No último domingo, dia 03 de abril, no aniversário de 300 anos de Sete Lagoas, o PT reuniu-se para discutir a questão do problemático saneamento básico da cidade, a história e gestão do SAAE.
Os trabalhos foram abertos com uma carta de Flávio de Castro, que avisado de última hora não pode comparecer. O urbanista apoiou a permanência do SAAE desde que seguidas três premissas: a ampliação do controle social, com a reformulação do Conselho da Administração, composto hoje por sete membros, e por uma já tradicional subalternidade, de forma que o mesmo seja mais representativo. As regras de estabilidade econômica e financeira, que implica a estabilidade contratual, a ampliação da capacidade de investimento, com a possibilidade de reajuste das tarifas, hoje a 5 anos congelada. E a gestão por metas e resultados com prazos de curto, médio e longo prazos afinados com o controle social.

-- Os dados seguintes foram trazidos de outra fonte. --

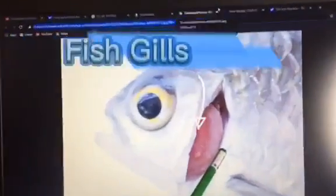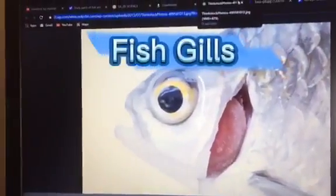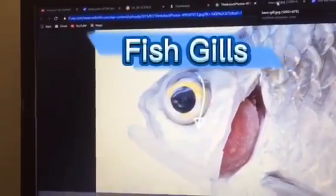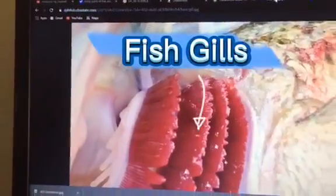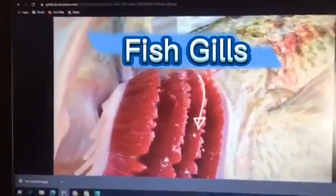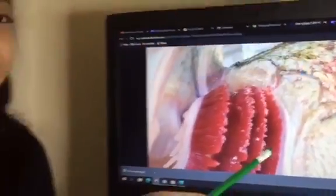Fish, they have gills. Gills are organs or body parts that allow fish to breathe underwater. This is an example of a gill. And there's another picture that is still an example of a gill, which is this.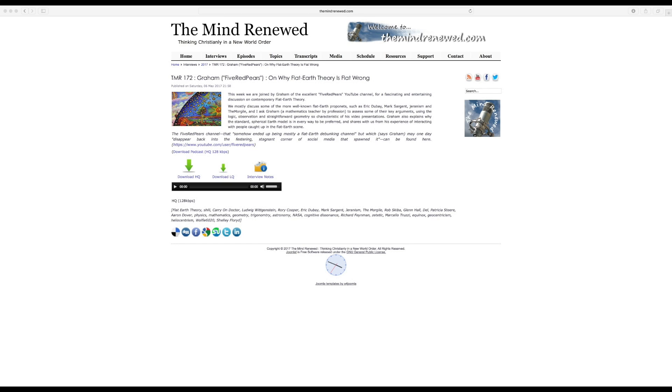Hello there, this is just a really quick video to draw your attention to a podcast that I was recently asked to participate in by a guy called Julian Charles who runs this website called The Mind Renewed.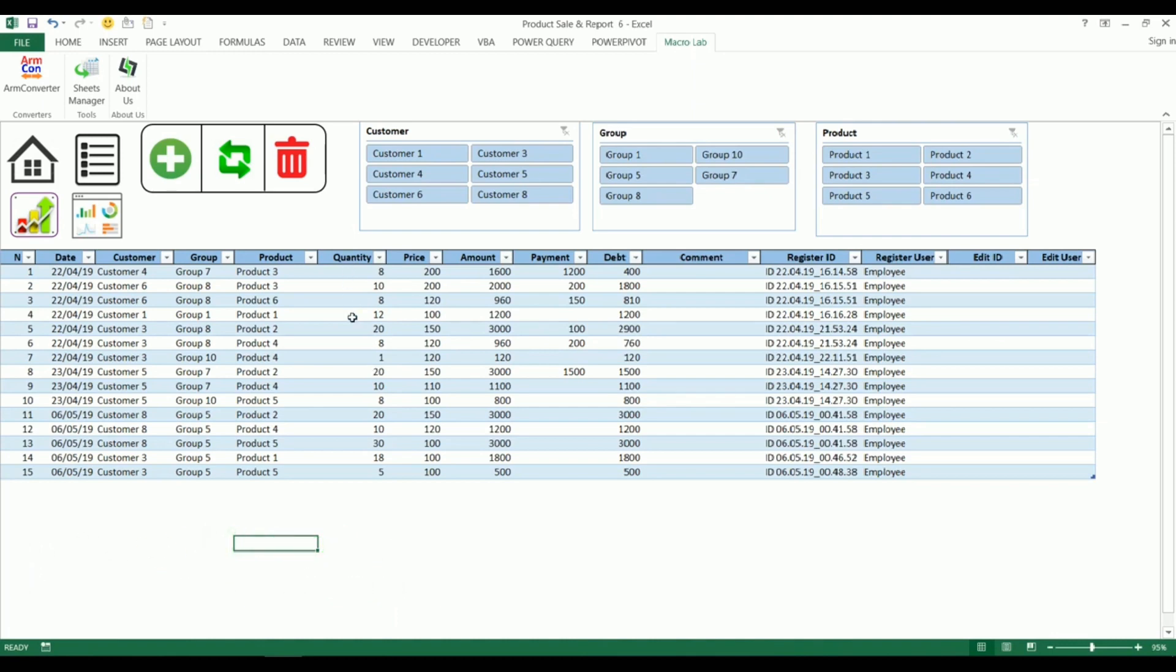Today we're going to show you a new automation tool which is designed to facilitate working with customers, products and their groups, as well as for easy handling of transactions and making dynamic reports.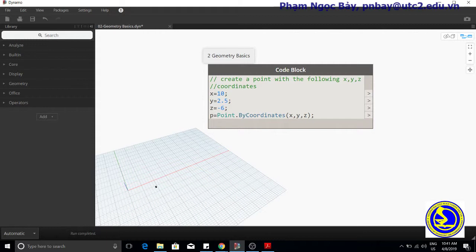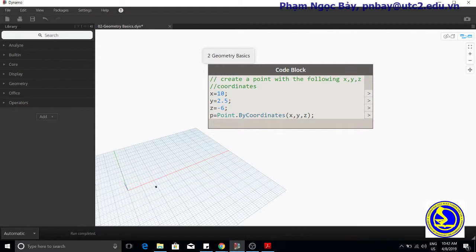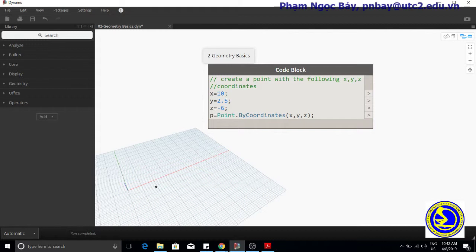Constructors in Dynamo are typically designated with the 'by' prefix, and invoking the function returns a newly created object of that type. This newly created object is stored in the variable named on the left of the equal sign, and can be used to create other geometry. Most objects have many different constructors, and we can use the BySphericalCoordinates constructor to create a point lying on a sphere, specified by the sphere radius and the first and second rotation angles.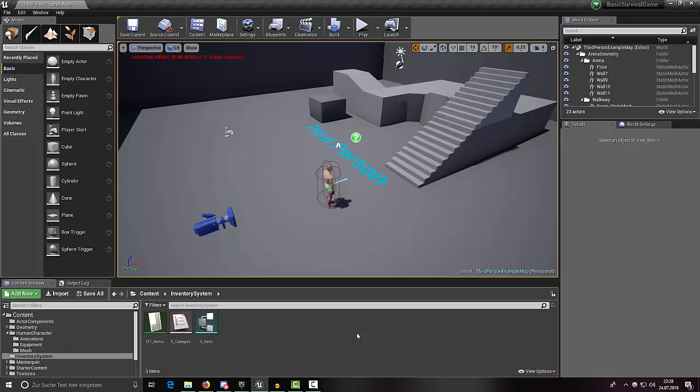Alright guys, welcome back to the next part of our basic survival game tutorial series. In this part we will continue with our inventory system.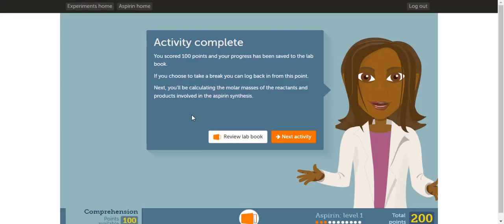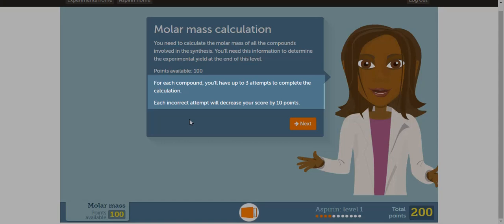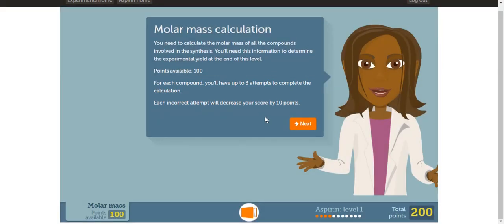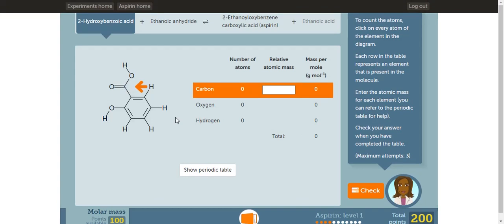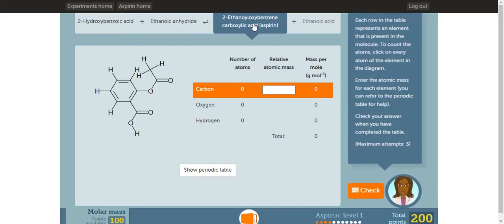The next activity involves calculating the molar mass of the reactants and products in the aspirin synthesis. Once you're ready, click next activity. In the next activity, you have 3 attempts to calculate the molar mass of each substance. Each incorrect attempt will decrease your score by 10 points. In this activity, you'll be calculating the molar mass or the GFM of 3 substances. This is the first substance, the second substance, and the third substance.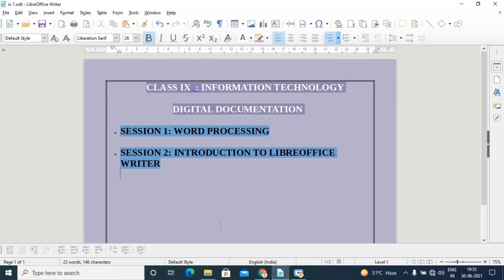Many things can be a document. In earlier days, documents were mostly handwritten, but nowadays we use computerized copies. Handwritten documents were replaced by typewriters, and with more advancement in information technology, typewriters were replaced by computers for documentation purposes. Documents prepared using computers are generally referred to as digital documentation.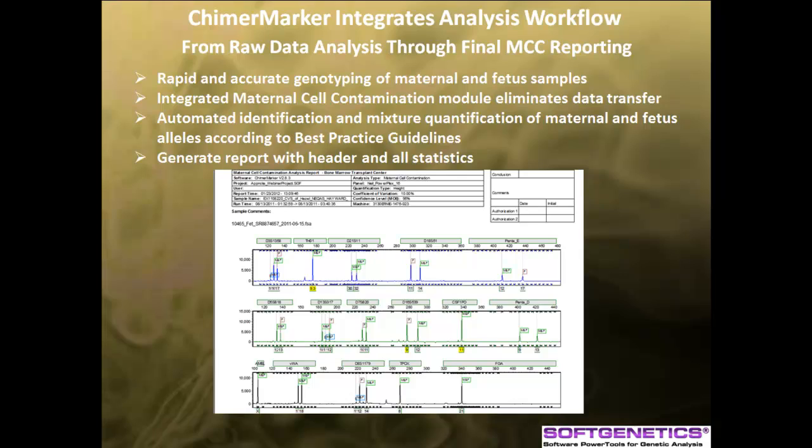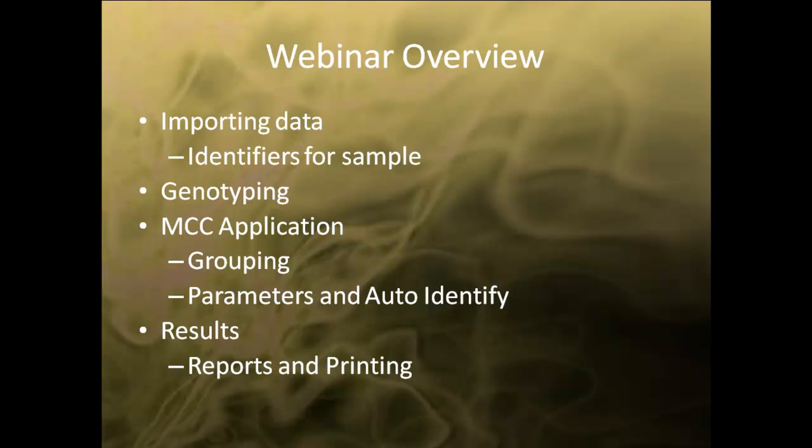The MCC module automatically identifies maternal and fetus sample alleles and completes a mixture quantification according to best practice guidelines. After analysis, the user can generate a full summary report of all loci using two mouse clicks.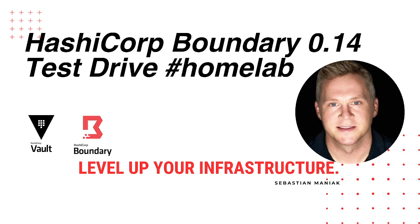Hey everybody, Sebastian Maniak here again. I'm kind of excited HashiCorp came out with some new cool boundary features and wanted to update my lab and show it off and see how it actually works. Hopefully you get to play around with it.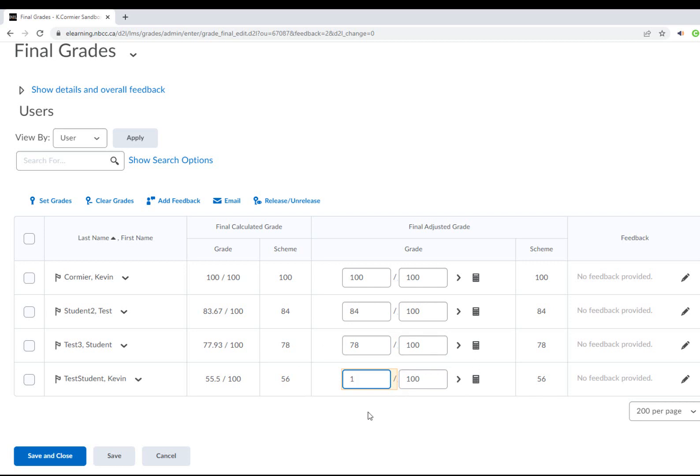Something that's very important to mention is that once the grades are processed and sent to SIMS, when the student completes this course—if it takes a couple months, three months, four months, maybe five months down the road—they complete the course and their final adjusted grade needs to be updated.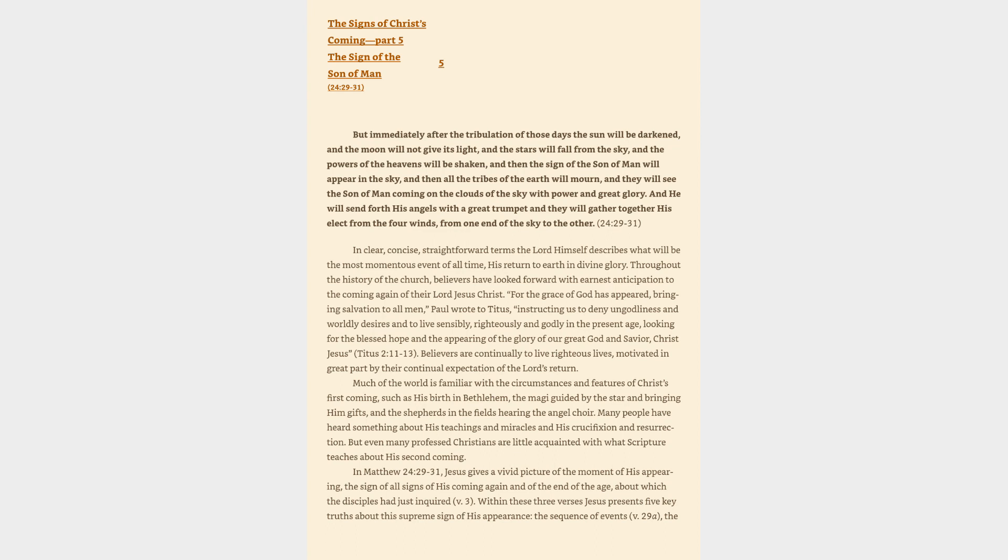The Signs of Christ's Coming, Part 5: The Sign of the Son of Man, Matthew 24:29-31. But immediately after the tribulation of those days the sun will be darkened, and the moon will not give its light, and the stars will fall from the sky, and the powers of the heavens will be shaken, and then the sign of the Son of Man will appear in the sky, and then all the tribes of the earth will mourn, and they will see the Son of Man coming on the clouds of the sky with power and great glory. And He will send forth His angels with a great trumpet and they will gather together His elect from the four winds, from one end of the sky to the other.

Na sequência falou Hugo Lyra, sindicalista do Sindágua-MG sobre a situação dos 500 funcionários do SAAE, caso a COPASA venha para a cidade. Segundo Hugo os funcionários dificilmente serão incorporados à empresa já que os mesmos são concursados municipais e a COPASA é estadual. Os funcionários não aproveitados iriam para um quadro residual, sem garantias. No momento aberto para debates, a fala de Hugo sobre o corporativismo e o inchaço político da instituição foi discutida pelos demais.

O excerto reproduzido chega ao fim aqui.